▶ [Problem]: From the records below, set down exactly the lines starting with the line that contains "2026 Honda Passport AWD TrailSport Elite" and going on through the line that contains "Freckles Hold Me Bento". Nothing else is wanted.

▶ [Listed records]:
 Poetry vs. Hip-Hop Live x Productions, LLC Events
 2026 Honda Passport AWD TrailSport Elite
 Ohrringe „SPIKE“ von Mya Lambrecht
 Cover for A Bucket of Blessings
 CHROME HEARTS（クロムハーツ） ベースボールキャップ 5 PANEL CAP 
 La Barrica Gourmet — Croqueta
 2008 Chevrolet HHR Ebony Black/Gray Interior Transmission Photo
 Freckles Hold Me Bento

==

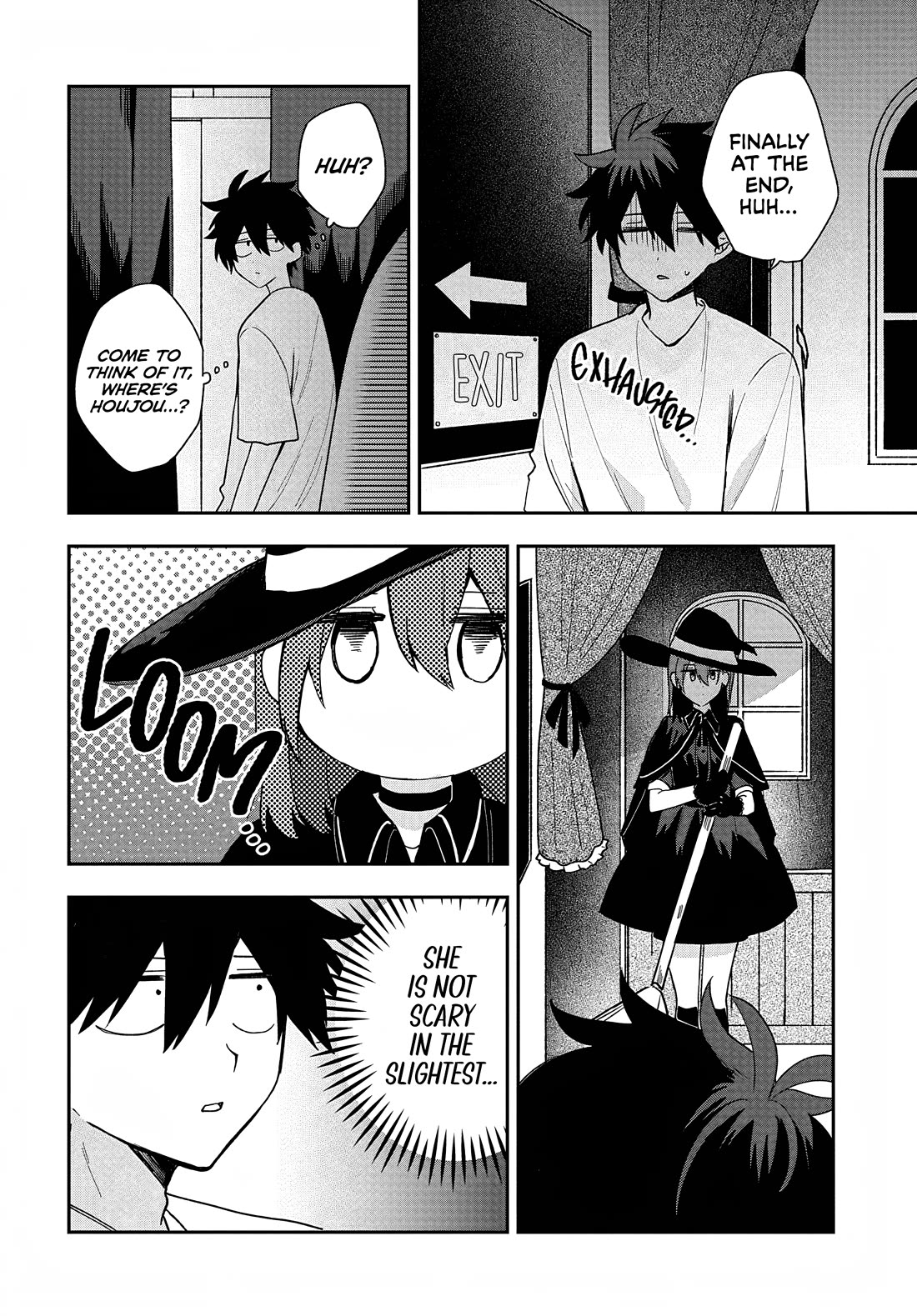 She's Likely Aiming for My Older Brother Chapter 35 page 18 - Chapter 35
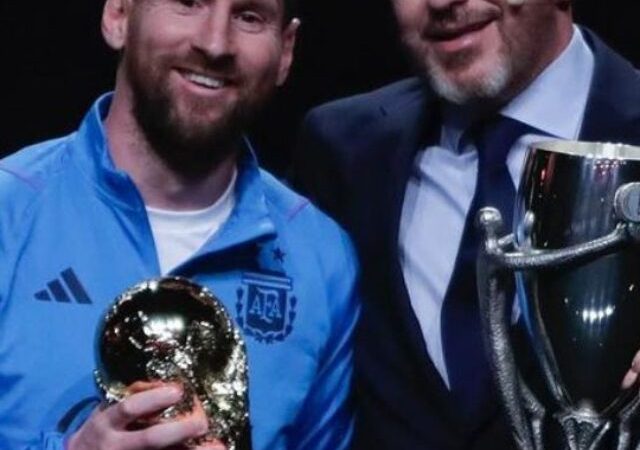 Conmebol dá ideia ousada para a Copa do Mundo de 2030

...

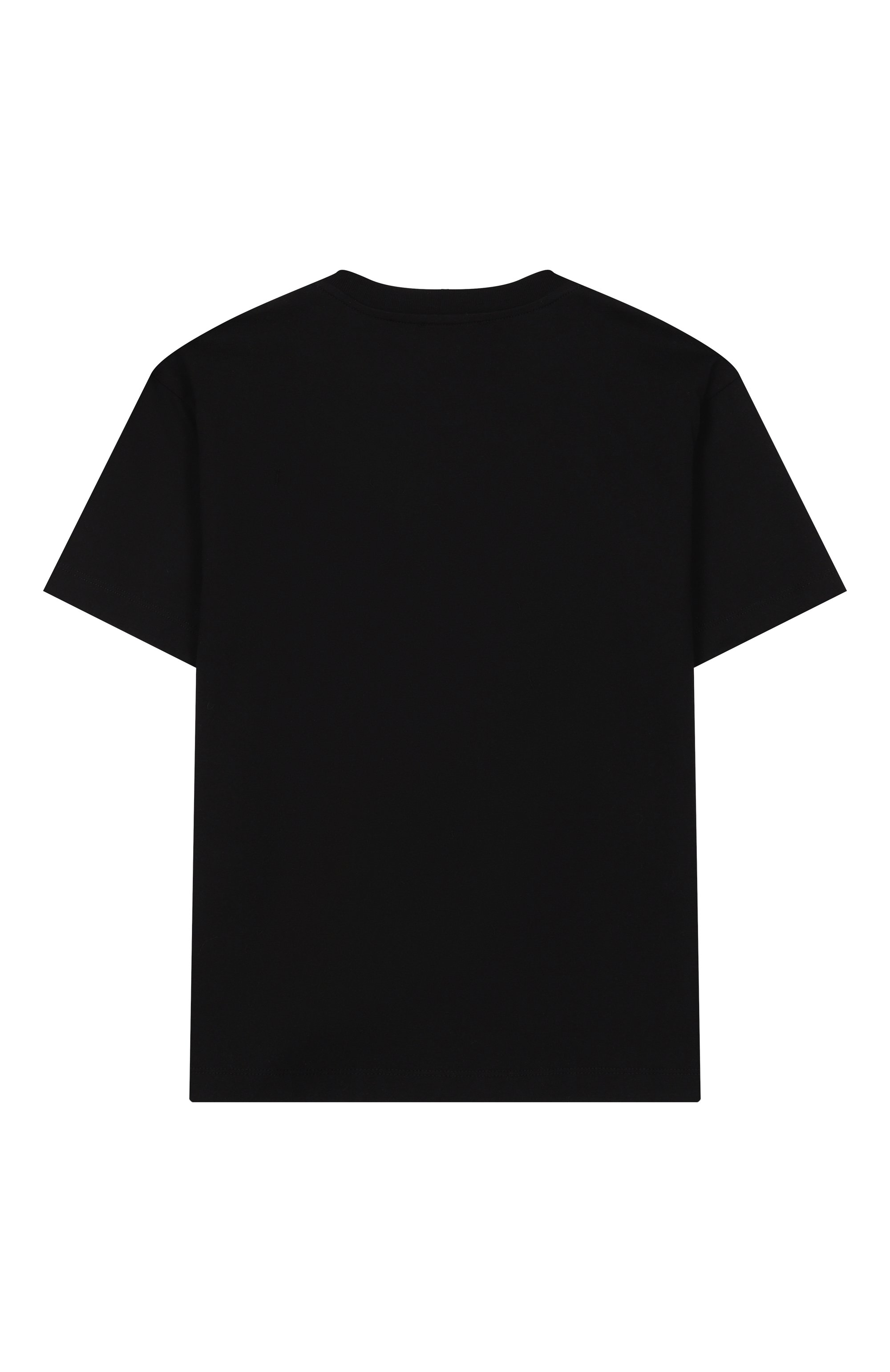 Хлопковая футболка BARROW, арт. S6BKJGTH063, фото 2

▶ [Answer for this exercise]:
 2026 Honda Passport AWD TrailSport Elite
 Ohrringe „SPIKE“ von Mya Lambrecht
 Cover for A Bucket of Blessings
 CHROME HEARTS（クロムハーツ） ベースボールキャップ 5 PANEL CAP 
 La Barrica Gourmet — Croqueta
 2008 Chevrolet HHR Ebony Black/Gray Interior Transmission Photo
 Freckles Hold Me Bento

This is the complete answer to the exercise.